Vidéo en lien : On reprend de la hauteur sur une île incroyable

Nous arrivons sur notre dernière escale des Tuamotu, un arrêt un peu particulier qui contraste complètement avec les atolls des Tuamotu. Makatea, située à un peu plus de 50 miles au sud de Tikehau, n’est pas un atoll mais une île avec de grandes falaises et une végétation dense. Elle a une superficie de 24 km² et mesure 7km par 7,5km au plus large.

Un arrêt incertain

Makatea est constituée de falaises avec une barrière corallienne tout autour. Le seul accès en bateau se trouve devant un ancien port. La difficulté est que les fonds tombent à pic et qu’il est impossible de mouiller. Il existe 4 bouées où il est possible de s’amarrer. Des bouées qui ne sont pas forcément fiables, trop profondes pour les vérifier et certaines appartenant apparemment à des bateaux de charter. L’autre difficulté est d’arriver à Makatea et de ne pas trouver de place pour s’y arrêter. En venant de Tikehau, nous avions anticipé et calculé pour au cas où continuer notre route directement sur Tahiti. Une prise de bouée impressionnante par 55 mètres de fonds, à quelques mètres du rivage où les vagues viennent casser pas loin de l’étrave de Niue.

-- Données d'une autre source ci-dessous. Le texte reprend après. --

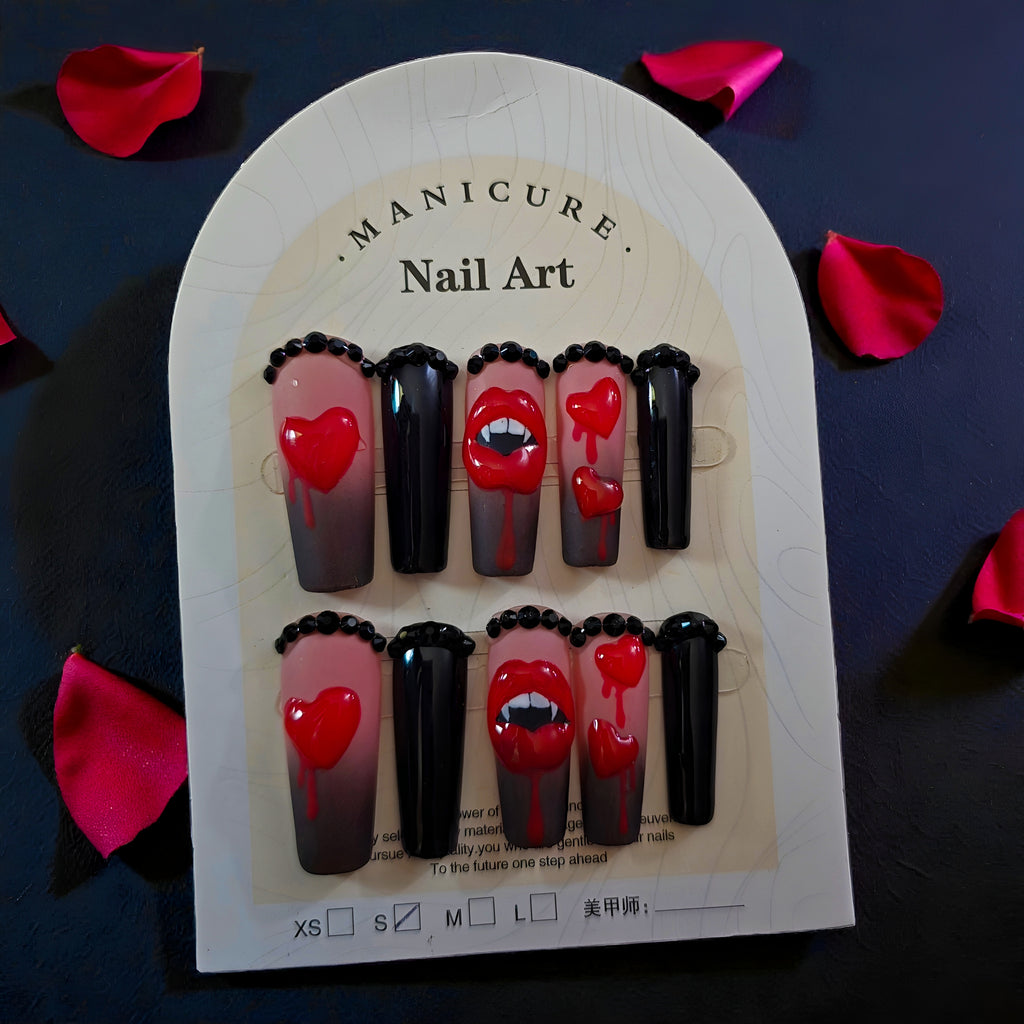 Red Black Valentine Lips Fang - Press On Nails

Nous passerons une nuit pas très paisible. Après avoir bien analysé la situation, notre ouïe restera constamment en alerte au moindre changement de bruit. Niue est notre voilier, notre maison, avec nos valeurs et nous y avons investi également des sous. Notre sérénité est bien sûr plus dure à trouver dans ces conditions. Tant que Niue se place face à la côte tout va bien, si la bouée viendrait à casser il partirait au large. Notre inquiétude est plus du fait que si Niue se retrouve «cul» à la côte près des rochers et près à s’échouer si la bouée lâchait. L’aventure c’est aussi ça prendre quelques risques tout en prenant nos disponibilités pour être en sécurité.

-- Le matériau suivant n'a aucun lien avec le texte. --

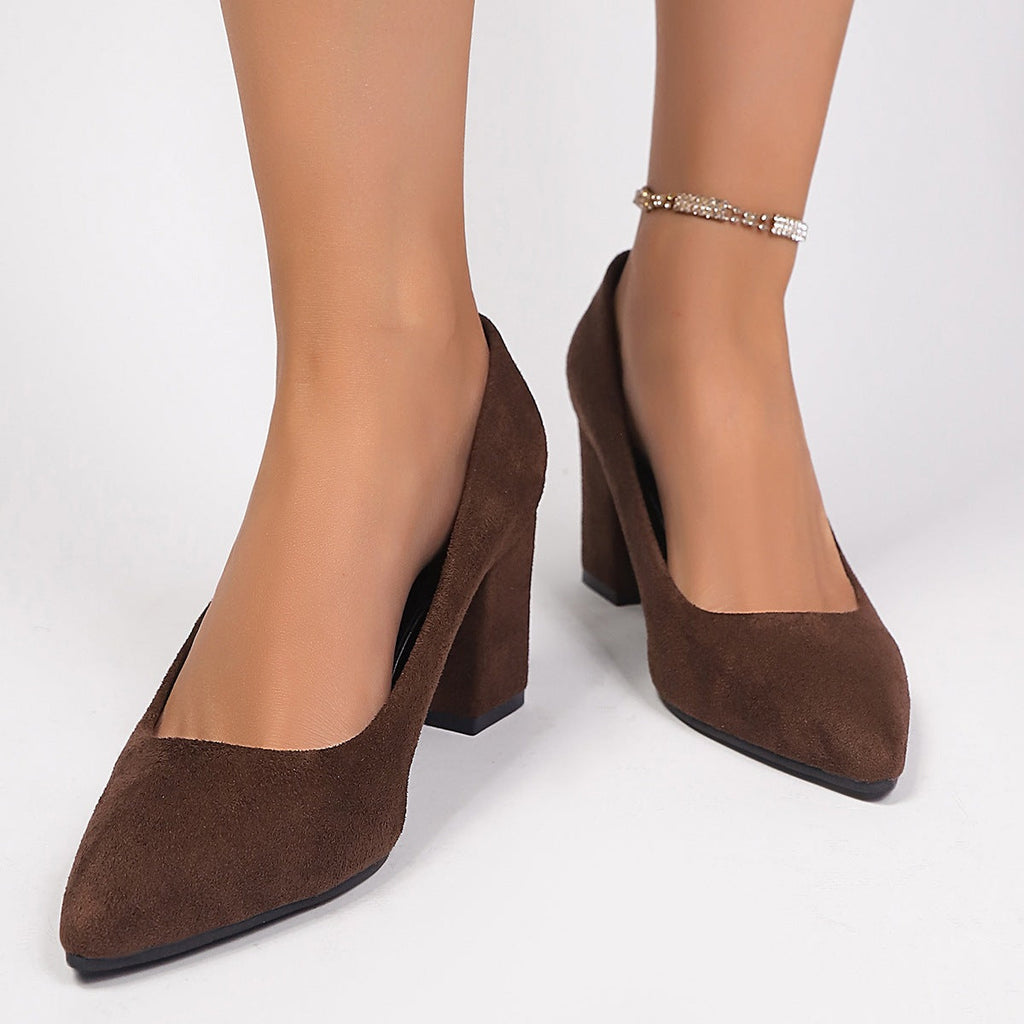 Damen elegante High Heel Pumps mit robustem Blockabsatz Shopnory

Une fois à terre, nous reviendrons régulièrement vérifier que tout se passe bien pour Niue.

Premier pied à terre

Face à ces falaises immenses, nous restons bouche bée. Après plus de 4 mois à ne voir que des lagons, nos origines refont surface et nous savourons ce paysage. Nous sommes comme happés par cette île. Nous trépignons d’impatience et nous ne faisons pas long à mettre pied à terre. Le petit port n’accueille que les annexes et le petit bateau moteur de la commune.

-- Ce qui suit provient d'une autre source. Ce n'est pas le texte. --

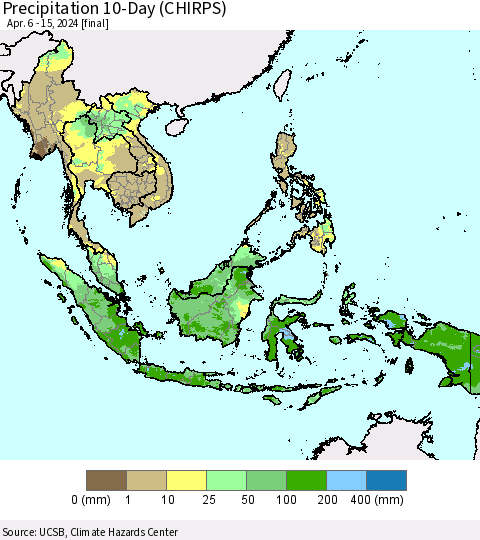 South East Asia Precipitation 10-Day (CHIRPS) Thematic Map For 4/6/2024 - 4/15/2024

Une entrée un peu sportive en annexe. Les vagues s’engouffrent dans ce petit goulet nous permettant d’atteindre le quai, les vagues déferlent de part et d’autre. Nous comptons les trains des vagues. Toutes les 3-4 vagues, il y a un petit répit qui nous permet de passer en sécurité.

A terre, une jolie fresque nous souhaite le bonjour. D’autres racontent l’histoire incroyable de Makatea en lien avec l’industrie du phosphate. Ces fresques et de vieilles installations portuaires nous mettent directement dans l’ambiance.

La découverte de l’île sera pour le lendemain.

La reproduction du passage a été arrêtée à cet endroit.